» **EXERCISE GOAL**
The records that follow are to be transcribed in full, without their images.

== Segment start ==

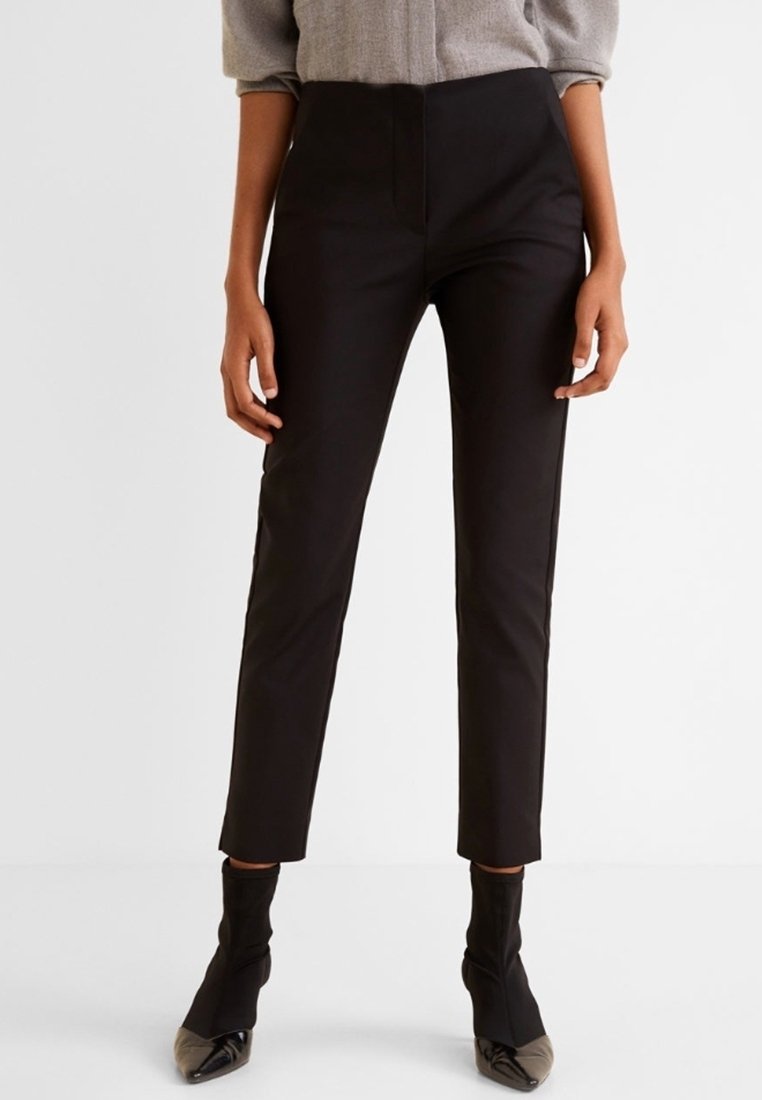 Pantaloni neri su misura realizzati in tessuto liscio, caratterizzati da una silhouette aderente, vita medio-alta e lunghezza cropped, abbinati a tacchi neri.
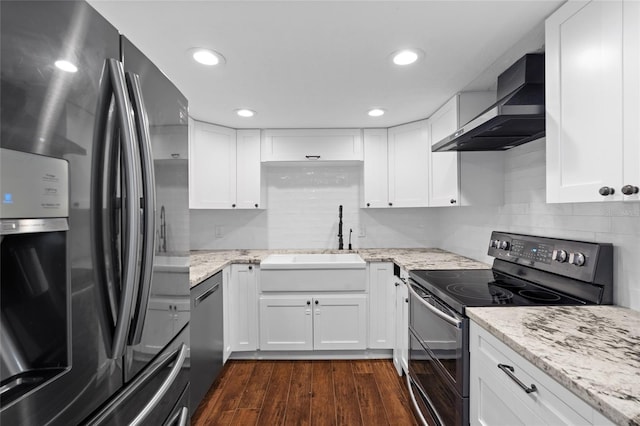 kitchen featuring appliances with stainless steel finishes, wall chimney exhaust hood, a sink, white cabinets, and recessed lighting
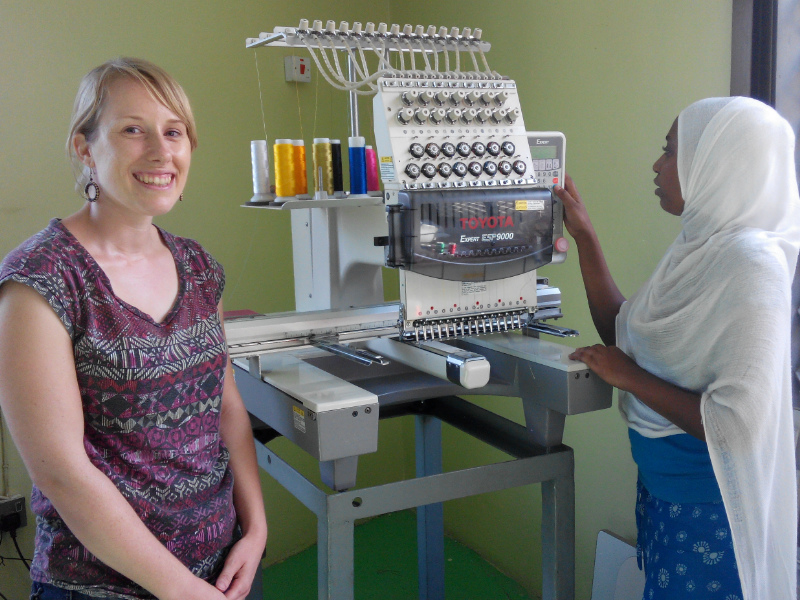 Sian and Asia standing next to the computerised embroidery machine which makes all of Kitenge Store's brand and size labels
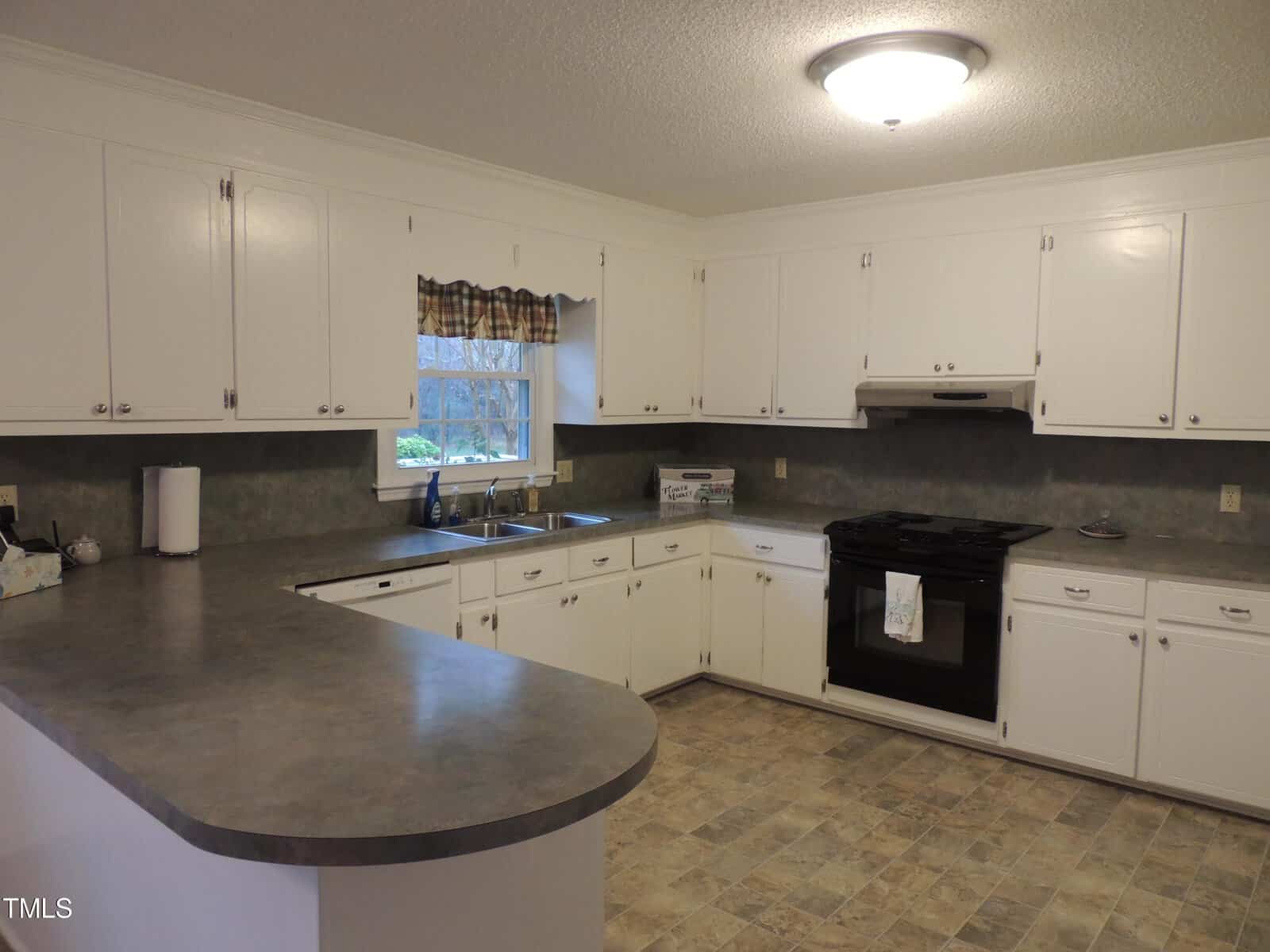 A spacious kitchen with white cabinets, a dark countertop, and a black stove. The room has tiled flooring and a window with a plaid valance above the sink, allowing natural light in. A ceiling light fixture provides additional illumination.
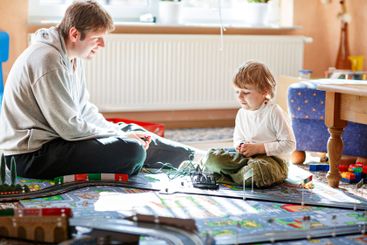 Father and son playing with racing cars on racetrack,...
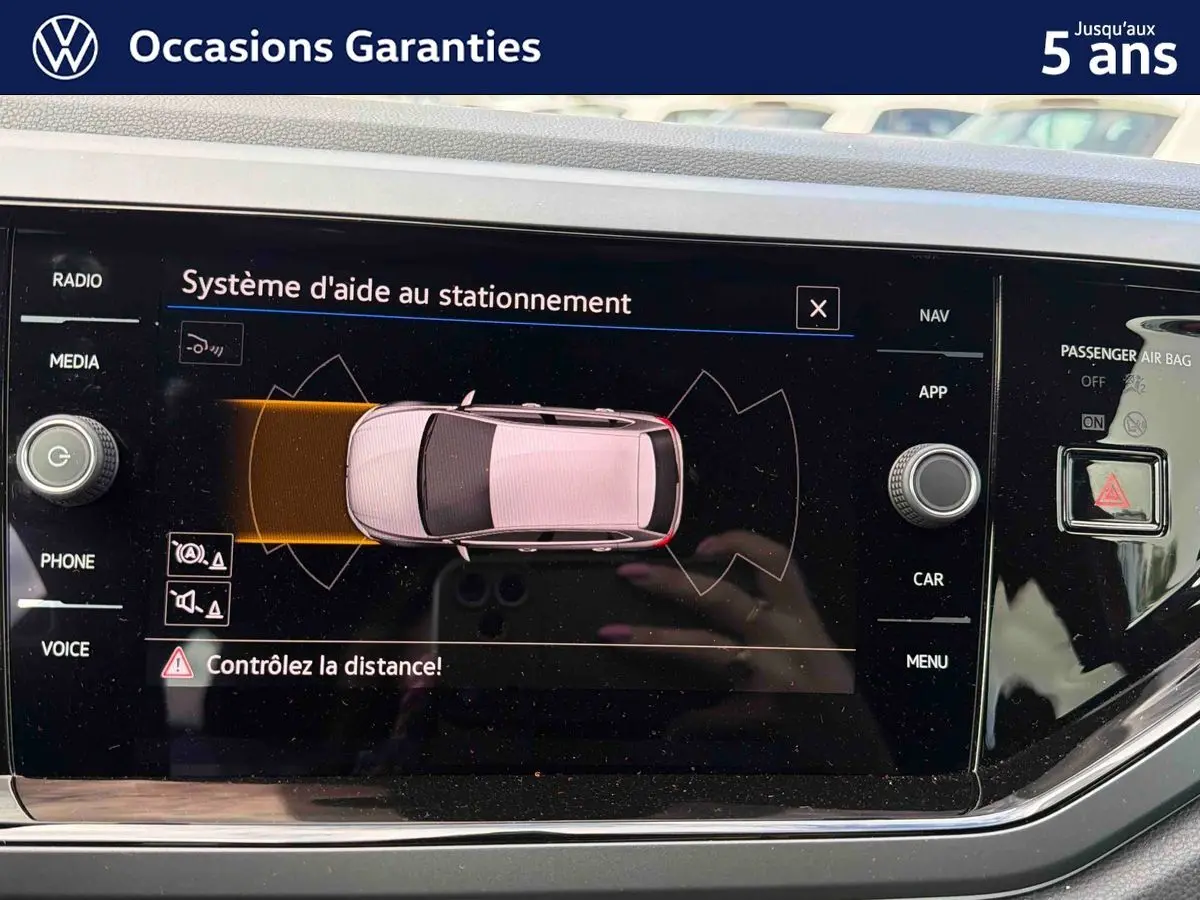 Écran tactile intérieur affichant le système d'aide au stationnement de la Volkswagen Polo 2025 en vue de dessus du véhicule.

== Segment end ==

» **ANSWER SECTION**
 Pantaloni neri su misura realizzati in tessuto liscio, caratterizzati da una silhouette aderente, vita medio-alta e lunghezza cropped, abbinati a tacchi neri.
 kitchen featuring appliances with stainless steel finishes, wall chimney exhaust hood, a sink, white cabinets, and recessed lighting
 Sian and Asia standing next to the computerised embroidery machine which makes all of Kitenge Store's brand and size labels
 A spacious kitchen with white cabinets, a dark countertop, and a black stove. The room has tiled flooring and a window with a plaid valance above the sink, allowing natural light in. A ceiling light fixture provides additional illumination.
 Father and son playing with racing cars on racetrack,...
 Écran tactile intérieur affichant le système d'aide au stationnement de la Volkswagen Polo 2025 en vue de dessus du véhicule.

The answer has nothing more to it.